Der Raum, der im Internet für uns geschaffen wird, lässt vielleicht Avatare, aber den lebendigen Menschen nicht mehr wesentlich zu. Andere Menschen, denen wir bei Videokonferenzen begegnen, sind für uns körperlich unerreichbar. Wir können an ihnen deshalb unsere Fähigkeiten der Zuneigung nicht mehr erproben. Deshalb sollten wir uns eine Zeit wünschen, in der wir anderen Menschen tatsächlich wieder selbstbestimmt ausweichen können oder müssen, sie aber auch umarmen dürfen, wenn es für den anderen Menschen passt und für uns auch.

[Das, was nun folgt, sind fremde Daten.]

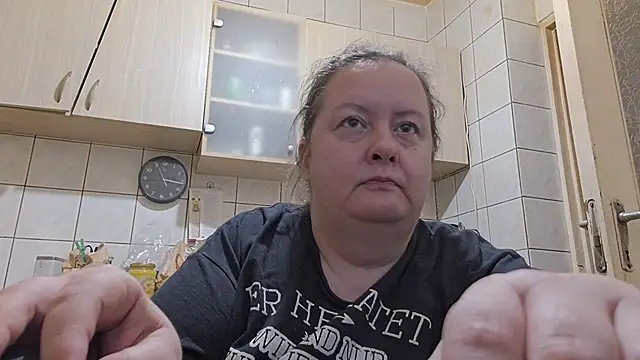 melissaBlessing online show from April 2026 12:16:01 AM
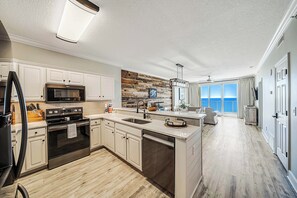 Refrigerador, microondas, horno y parrilla de estufa 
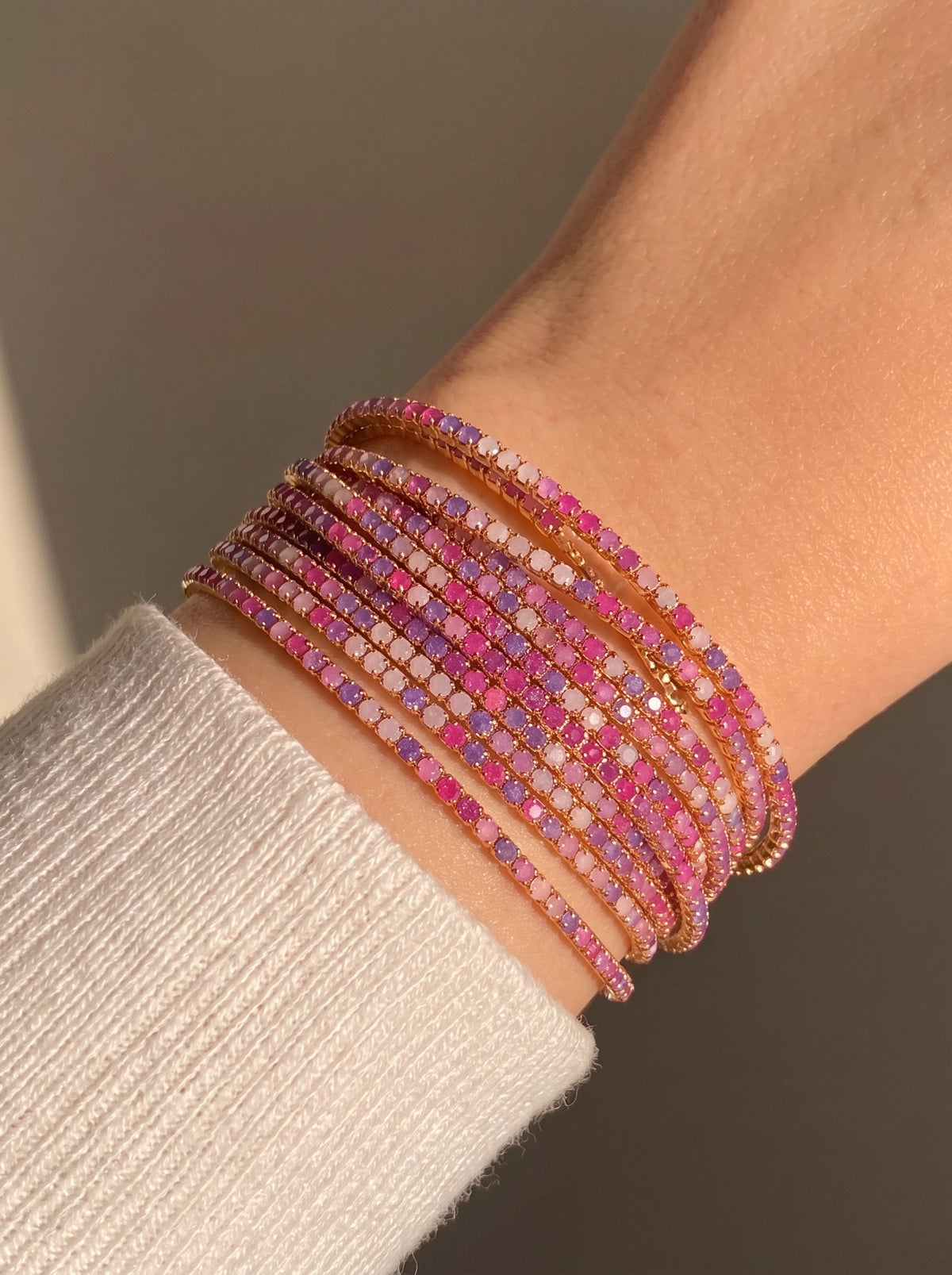 Pulseras de Gold-Filled con Espinolita Magenta Vibrante & Malva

Hans Eike von Oppeln-Bronikowski

Lebensentwürfe

Ich will Philosophen, Naturwissenschaftlern, Schriftstellern und Politikern – um nur einige zu nennen – in keiner Weise absprechen, dass sie dazu fähig sind, grandiose Lebensentwürfe für die Gesellschaft, für alle Menschen und natürlich auch für mich zu fertigen. Doch wie ist diese Selbstermächtigung legitimiert?

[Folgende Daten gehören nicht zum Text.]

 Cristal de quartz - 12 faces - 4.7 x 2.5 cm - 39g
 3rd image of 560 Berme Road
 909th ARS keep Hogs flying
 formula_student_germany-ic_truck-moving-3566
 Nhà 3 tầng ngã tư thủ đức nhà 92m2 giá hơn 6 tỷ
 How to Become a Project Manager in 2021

Womöglich dadurch, dass ihre Einschätzungen und Entwürfe mehrheitsfähig sind, Erwartungen des Klientels befriedigt werden, ggf. auch einer politischen Zwangsläufigkeit Rechnung tragen. Ich kann es nicht und vielleicht kann niemand diese Frage schlüssig beantworten. Es hat sich so eingespielt, und solange Gleichgültigkeit herrscht, Vor- und Nachteile sich die Waage halten, nimmt niemand Anstoß an diesem Umstand. Wenn es allerdings knirscht zwischen den unterschiedlichen Perspektiven, dann pocht jeder auf seinen eigenen Entwurf und pfeift auf die schweigende Allgemeinverbindlichkeit einer Haltung. Was wäre dagegen zu tun? Etwa Lebensentwürfe exemplarisch zu sammeln, das Typische an diesen zu erkennen, diese mit anderen zu verhandeln und in einem Contrat Social als Leitentwurf zu verabschieden, der Orientierung erlaubt, aber auch mit Toleranzen für unterschiedliche Entwürfe ausgestattet ist?

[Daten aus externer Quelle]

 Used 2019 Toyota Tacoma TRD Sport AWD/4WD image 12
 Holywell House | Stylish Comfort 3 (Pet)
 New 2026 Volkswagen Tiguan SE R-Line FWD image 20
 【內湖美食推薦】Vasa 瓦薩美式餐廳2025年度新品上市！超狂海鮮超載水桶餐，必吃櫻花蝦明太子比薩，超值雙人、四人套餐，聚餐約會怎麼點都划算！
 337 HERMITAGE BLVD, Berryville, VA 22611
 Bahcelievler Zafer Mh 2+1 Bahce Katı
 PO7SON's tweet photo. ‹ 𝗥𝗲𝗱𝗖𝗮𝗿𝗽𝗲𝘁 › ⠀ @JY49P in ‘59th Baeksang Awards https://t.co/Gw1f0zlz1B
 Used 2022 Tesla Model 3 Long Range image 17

Dies könnte zunächst regional und später zusammenfassend zentral erfolgen, um eine größtmögliche Schnittmenge unserer Gesellschaft dabei abzubilden. Zu glauben, Wissenschaftler und Politiker könnten dies alleine, miteinander oder gegeneinander auch schaffen, dürfte sich sehr bald als verhängnisvoller Irrtum erweisen. Spätestens dann, wenn die Kakophonie der Meinungen jeden Konsens in unserer Gesellschaft unmöglich macht, begreifen wir, dass eine Verständigung auf Pluralität, Interessensausgleich und der gemeinsamen Ermittlung von Schnittmengen diverser Lebensentwürfe beruht.